O patriarca chegou mais tarde e logo se ofereceu para ser o guia do botânico. Antes da empreitada a cavalo, eles comeram queijo, farinha e bananas. Durante a resenha, o moço revelou ter matado mais de dez onças na região, para tornar ali um pasto mais seguro. O relato foi para o diário do visitante francês. Após o almoço rumaram para o Pico do Pião, “nome que se dá ao cume menos arredondado e mais alto de toda serra. Saint-Hilaire destacou a vista do horizonte para as montanhas dos arredores do Rio de Janeiro e o “terror” que sentiu quando chegou na beirada para avistar as espessas florestas escondidas em sombrios vales devido a altura da “borda escarpada”. Depois das coletas de praxe, voltaram para a casa da família do seu guia, onde a esposa já havia preparado um prato com palmitos e cuias e após essa segunda refeição se despediram. 

Ponte Alta, 16 de fevereiro de 1822.  

” Atravessámos primeiro a villa de lbitipoca, que conhecia mal, e julgava ainda mais insignificante do que realmente é. Fica, como já expliquei, situada numa collina e compõe-se de pequena igreja e meia duzia de casas que a rodeiam, cuja maioria está abandonada alem de algumas outras, igualmente miseraveis, construidas na encosta de outra collina.
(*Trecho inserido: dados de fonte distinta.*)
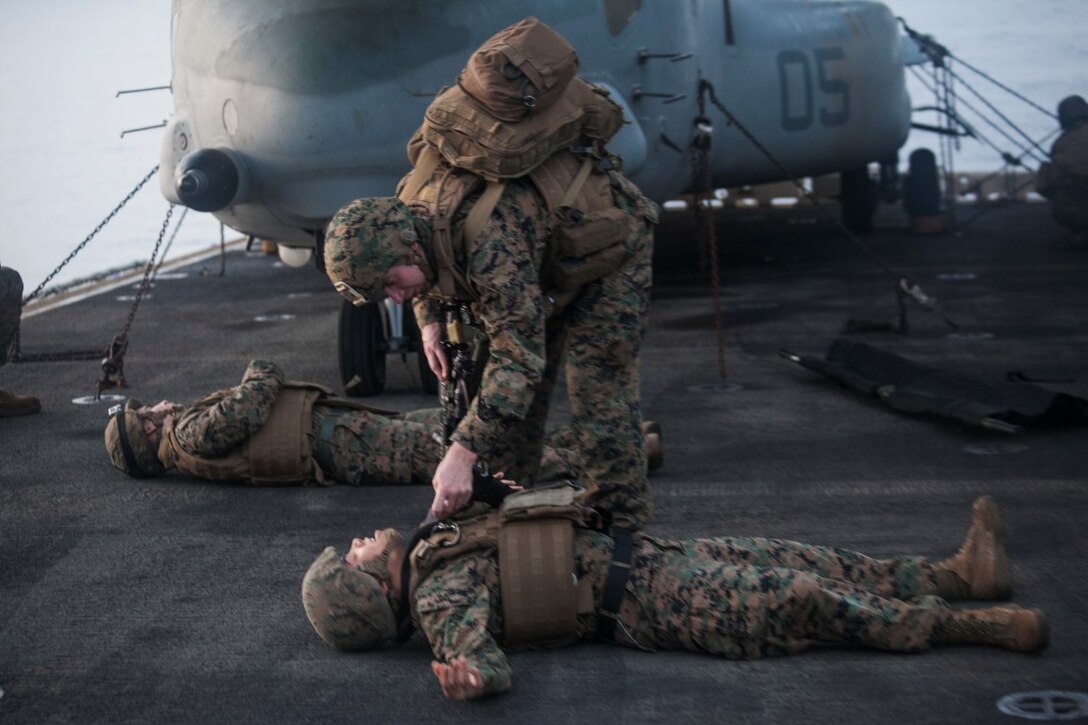 INDIAN OCEAN (Nov. 4, 2015) A U.S. Sailor with Combat Logistics Battalion 15, 15th Marine Expeditionary Unit, tends to a simulated causality during a mass-casualty drill on the flight deck of the USS Essex (LHD 2).The Marines and Sailors honed their skills to become quicker and more efficient should a situation arise where medical attention is needed. The 15th MEU is currently deployed in the Indo-Asia-Pacific region to promote regional stability and security in the U.S. 7th Fleet area of operations. (U.S. Marine Corps photo by Cpl. Elize McKelvey/Released)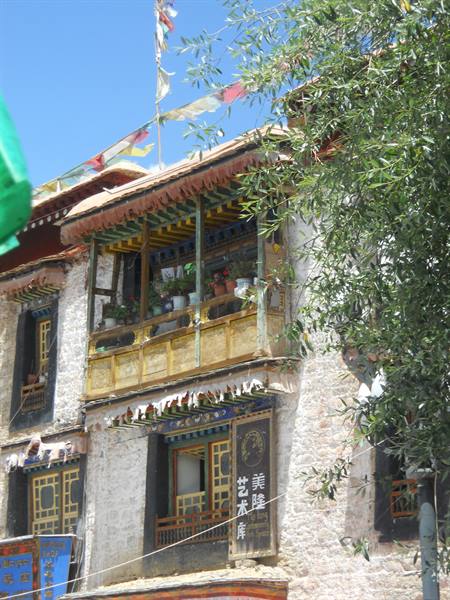 Painted wooden balcony on stone facade with prayer flags, Lhasa
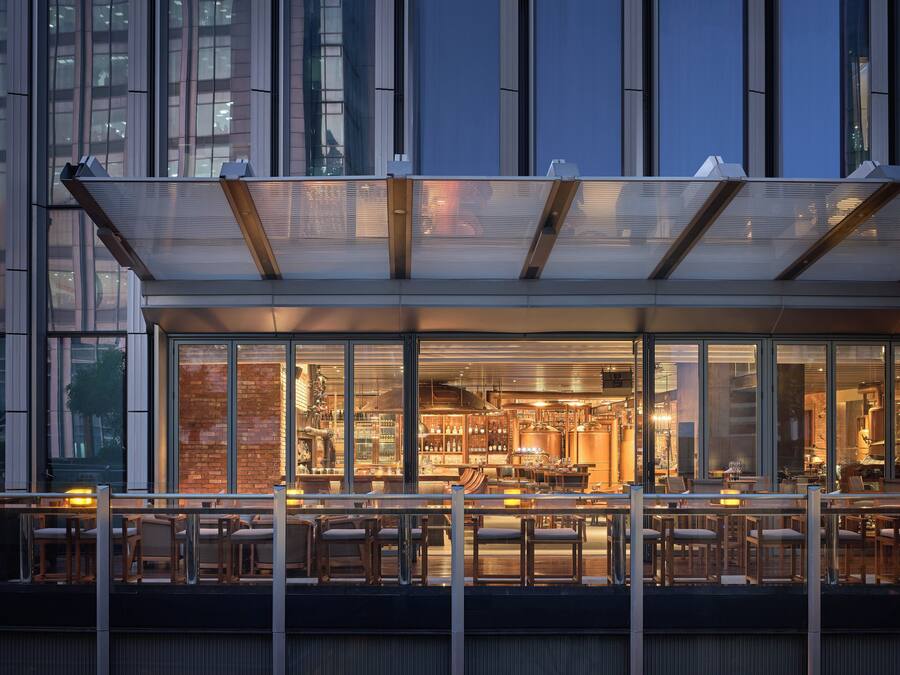 Un edificio moderno con fachada de vidrio, un bar en la azotea con mesas al aire libre y espacios interiores visibles, incluyendo una zona de cocina.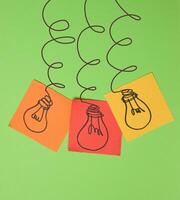 Drawn electric lightbulbs on paper sheets with a green background photo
Não espanta pois, que inutilmente haja eu procurado, hontem, nesta pobre aldeia, os generos mais necessarios á vida.”

A verdadeira Vila Rica

Com o trabalho concluído na Vila de Conceição do Ibitipoca, o francês seguiu caminho para Barbacena. Nos seus registros, ficou o relato de abandono de um povo retratado nas ruínas das fazendas, casebres, cascalhos nas margens dos riachos, pessoas pobres com vestimentas humildes, descritas com detalhes na visão europeia do naturalista. Aquelas pessoas, relegadas ao esquecimento após as descobertas das riquezas em Vila Rica, dentro das suas “casinholas”, acolheram o estranho viajante e lhe ofereceram estadia, alimentação, informação e proteção. Com o respeito e a polidez do mineiro, revelaram a Saint-Hilaire o espírito da Vila de Conceição do Ibitipoca. Esse espírito que resiste ainda hoje e surpreende os turistas que buscam a natureza da serra e descobrem no meio do caminho uma Vila mineira, rica de corações.

  • P.S. As citações são trechos do livro “Segunda viagem do Rio de Janeiro a Minas Geraes e a São Paulo (1822)”.